*Your goal:* Take the records below and set down exactly the lines from the one with "漫画入门手绘描摹本动漫人物线" to the one with "Lalu Prasaad Yadav: Prime", ends included; do not copy the pictures.

*Provided records:*
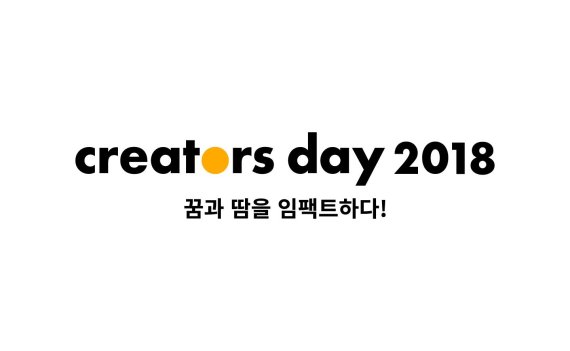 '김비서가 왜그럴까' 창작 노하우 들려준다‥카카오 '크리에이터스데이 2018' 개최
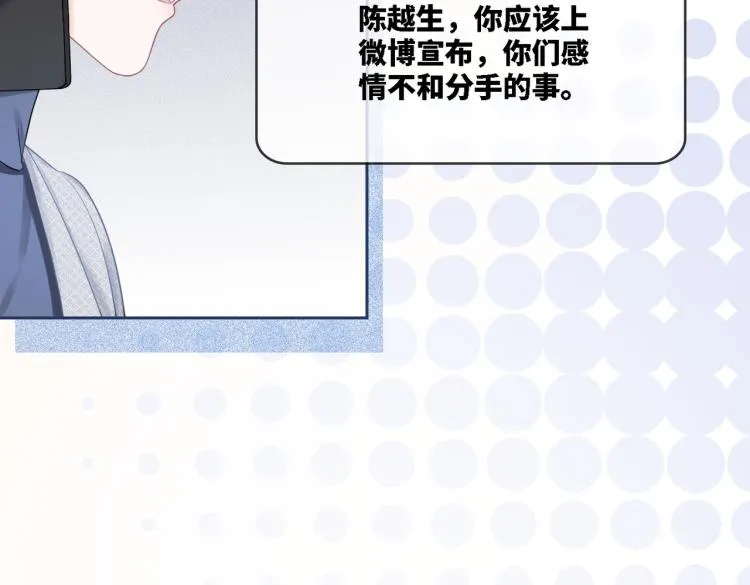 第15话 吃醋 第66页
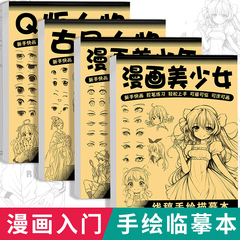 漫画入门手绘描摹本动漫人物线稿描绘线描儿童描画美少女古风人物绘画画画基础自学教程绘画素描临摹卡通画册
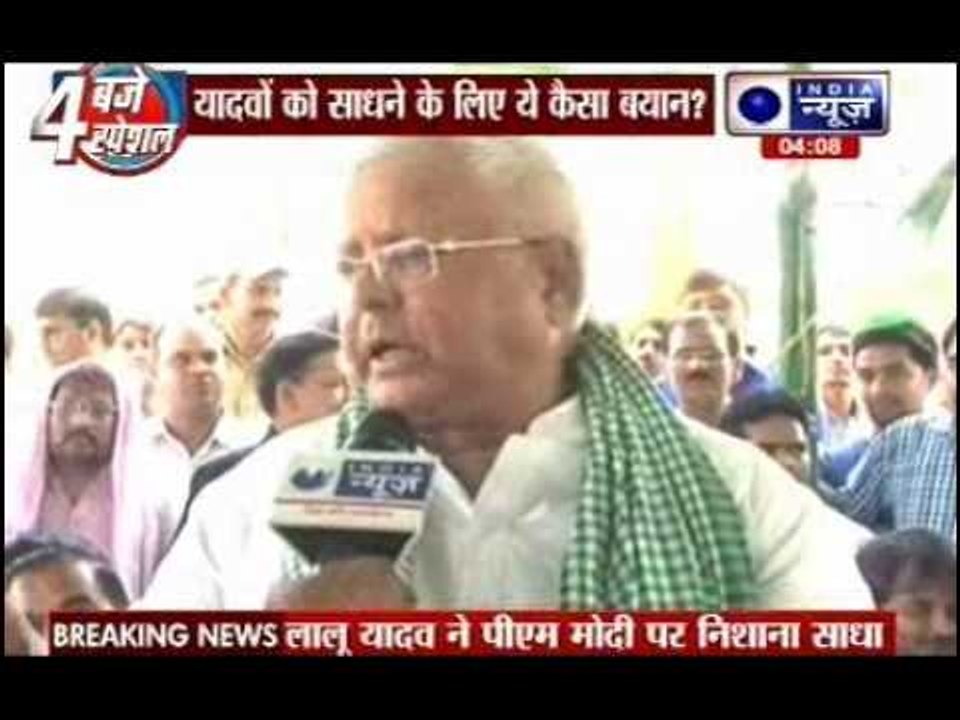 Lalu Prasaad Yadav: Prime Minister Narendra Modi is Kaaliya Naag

---

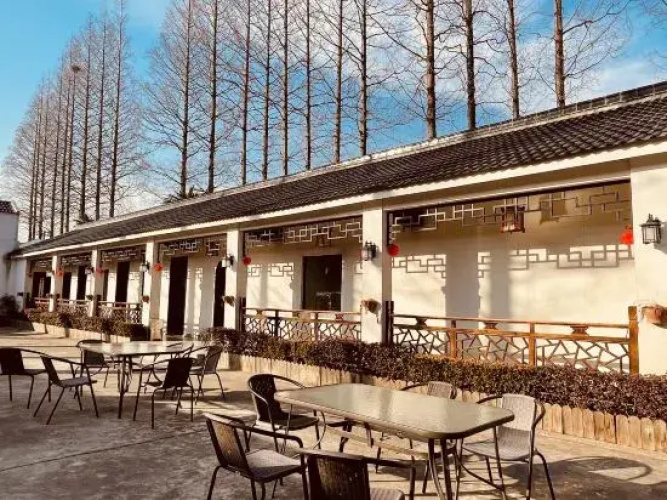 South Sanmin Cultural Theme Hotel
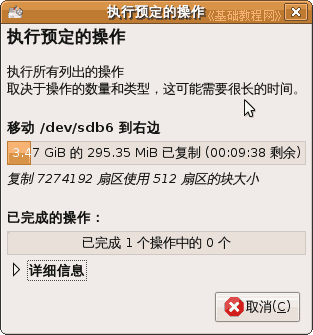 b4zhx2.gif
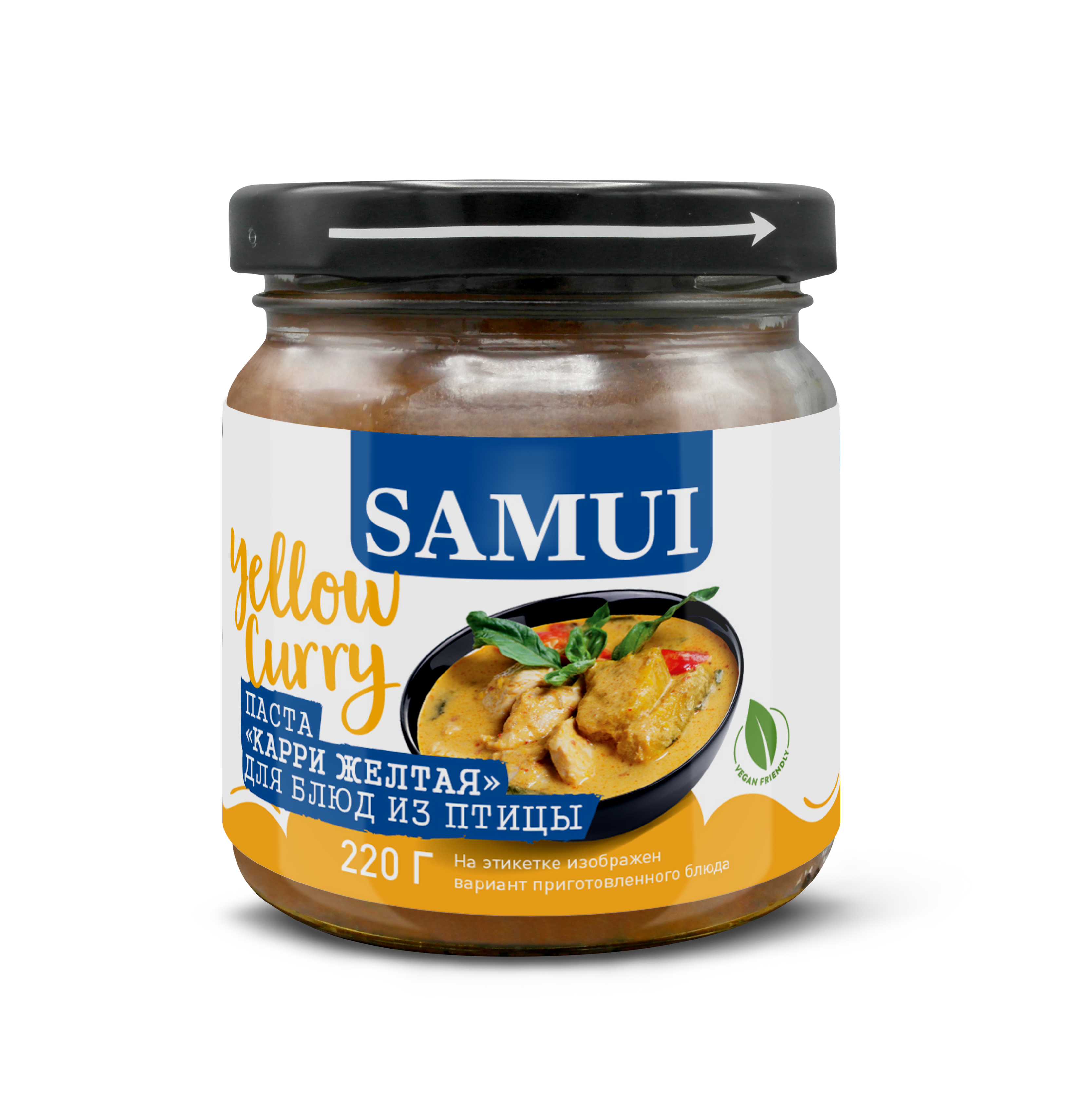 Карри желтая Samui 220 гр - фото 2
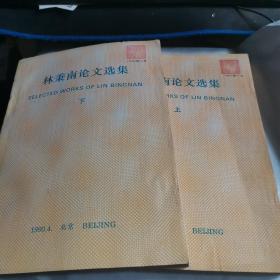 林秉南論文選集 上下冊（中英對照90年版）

*Task output:*
 漫画入门手绘描摹本动漫人物线稿描绘线描儿童描画美少女古风人物绘画画画基础自学教程绘画素描临摹卡通画册
 Lalu Prasaad Yadav: Prime Minister Narendra Modi is Kaaliya Naag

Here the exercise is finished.